La téléphonie constitue un champ d'application tout indiqué pour les découvertes du GRISO. Dans le numéro d'automne 1993 de SOMMETS, Jean-Pierre Adoul signait un article où il expliquait que, pour se comprendre, il fallait que la communauté des gens de télécommunications s'entende sur une norme unique de numérisation. Il affirmait aussi que le groupe de recherche qu'il dirige, en collaboration avec France Telecom, avait de bonnes chances d'obtenir la prochaine norme mondiale pour la téléphonie numérique de l'Union internationale des télécommunications (UIT), l'organisme de l'ONU chargé d'uniformiser les codes internationaux en téléphonie.

La bonne nouvelle a finalement été annoncée en novembre 1995. La technologie ACELP mise au point par le GRISO a été choisie par l'UIT comme norme internationale en numérisation de la parole. Dorénavant, les nouveaux systèmes de téléphonie numérique devront utiliser le logiciel sherbrookois. Dans un proche avenir, des dizaines de firmes partout dans le monde utiliseront la technologie mise au point à Sherbrooke, ce qui ne sera pas sans provoquer d'importantes retombées pour le GRISO.
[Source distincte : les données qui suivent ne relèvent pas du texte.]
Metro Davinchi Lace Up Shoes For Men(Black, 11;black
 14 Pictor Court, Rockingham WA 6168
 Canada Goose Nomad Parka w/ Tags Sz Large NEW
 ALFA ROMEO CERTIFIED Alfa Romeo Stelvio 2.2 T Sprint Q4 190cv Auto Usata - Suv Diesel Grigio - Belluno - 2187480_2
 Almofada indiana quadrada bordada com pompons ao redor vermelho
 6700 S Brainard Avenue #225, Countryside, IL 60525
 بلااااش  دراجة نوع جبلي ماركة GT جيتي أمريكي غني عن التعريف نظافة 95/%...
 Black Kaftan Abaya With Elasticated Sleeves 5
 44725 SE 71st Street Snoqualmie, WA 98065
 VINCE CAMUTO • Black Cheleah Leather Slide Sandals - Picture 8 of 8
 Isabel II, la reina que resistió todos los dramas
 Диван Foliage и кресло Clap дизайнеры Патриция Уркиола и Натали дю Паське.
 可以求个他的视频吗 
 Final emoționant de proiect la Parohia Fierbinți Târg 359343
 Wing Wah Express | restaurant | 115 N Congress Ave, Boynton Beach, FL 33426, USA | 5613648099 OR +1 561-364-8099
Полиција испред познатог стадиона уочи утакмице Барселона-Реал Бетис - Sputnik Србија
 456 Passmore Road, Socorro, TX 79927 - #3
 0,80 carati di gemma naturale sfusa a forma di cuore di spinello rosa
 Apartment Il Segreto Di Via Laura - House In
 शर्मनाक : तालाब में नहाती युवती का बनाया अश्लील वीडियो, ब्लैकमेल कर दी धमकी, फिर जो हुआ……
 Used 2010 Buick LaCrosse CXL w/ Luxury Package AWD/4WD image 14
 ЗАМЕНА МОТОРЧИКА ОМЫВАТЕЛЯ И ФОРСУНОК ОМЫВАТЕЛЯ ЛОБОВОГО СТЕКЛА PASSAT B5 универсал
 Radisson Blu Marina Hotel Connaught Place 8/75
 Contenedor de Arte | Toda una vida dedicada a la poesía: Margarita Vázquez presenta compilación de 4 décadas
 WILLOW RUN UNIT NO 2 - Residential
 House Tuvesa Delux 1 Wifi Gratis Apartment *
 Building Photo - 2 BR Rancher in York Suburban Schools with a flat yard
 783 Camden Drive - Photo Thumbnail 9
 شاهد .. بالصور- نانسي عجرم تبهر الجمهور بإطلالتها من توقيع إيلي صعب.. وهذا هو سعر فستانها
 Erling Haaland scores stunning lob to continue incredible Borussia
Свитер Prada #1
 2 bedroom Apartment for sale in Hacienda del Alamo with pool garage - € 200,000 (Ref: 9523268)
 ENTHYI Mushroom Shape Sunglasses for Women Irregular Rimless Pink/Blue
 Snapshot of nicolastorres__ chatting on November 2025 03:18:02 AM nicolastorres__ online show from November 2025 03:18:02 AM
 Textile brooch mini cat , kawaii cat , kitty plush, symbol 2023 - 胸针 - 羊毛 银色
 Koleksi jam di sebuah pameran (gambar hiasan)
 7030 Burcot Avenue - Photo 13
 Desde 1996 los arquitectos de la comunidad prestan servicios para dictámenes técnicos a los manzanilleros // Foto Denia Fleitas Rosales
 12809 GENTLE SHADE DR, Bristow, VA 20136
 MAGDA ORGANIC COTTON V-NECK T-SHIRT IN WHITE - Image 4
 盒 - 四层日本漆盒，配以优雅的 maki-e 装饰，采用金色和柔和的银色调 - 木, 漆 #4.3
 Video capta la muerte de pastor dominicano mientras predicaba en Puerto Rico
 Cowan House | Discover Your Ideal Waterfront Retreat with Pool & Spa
Loin de se satisfaire d'un seul succès, les chercheurs sherbrookois et leurs partenaires ont aussi obtenu, en association avec divers partenaires, sept autres normes internationales en matière de numérisation de la parole. Si elles font plaisir aux chercheurs sherbrookois, ces réussites sur la scène mondiale ne les empêchent pas de continuer à améliorer leur produit. L'avenir est fort prometteur dans le domaine de la numérisation de la parole. <<Quoiqu'il arrive, la parole sera toujours à la base de la communication humaine>>, signale, fort justement, Jean-Pierre Adoul. D'autres technologies, non encore inventées aujourd'hui, vont un jour faire leur apparition. Et, ce jour-là, le GRISO espère être fin prêt à prendre la parole.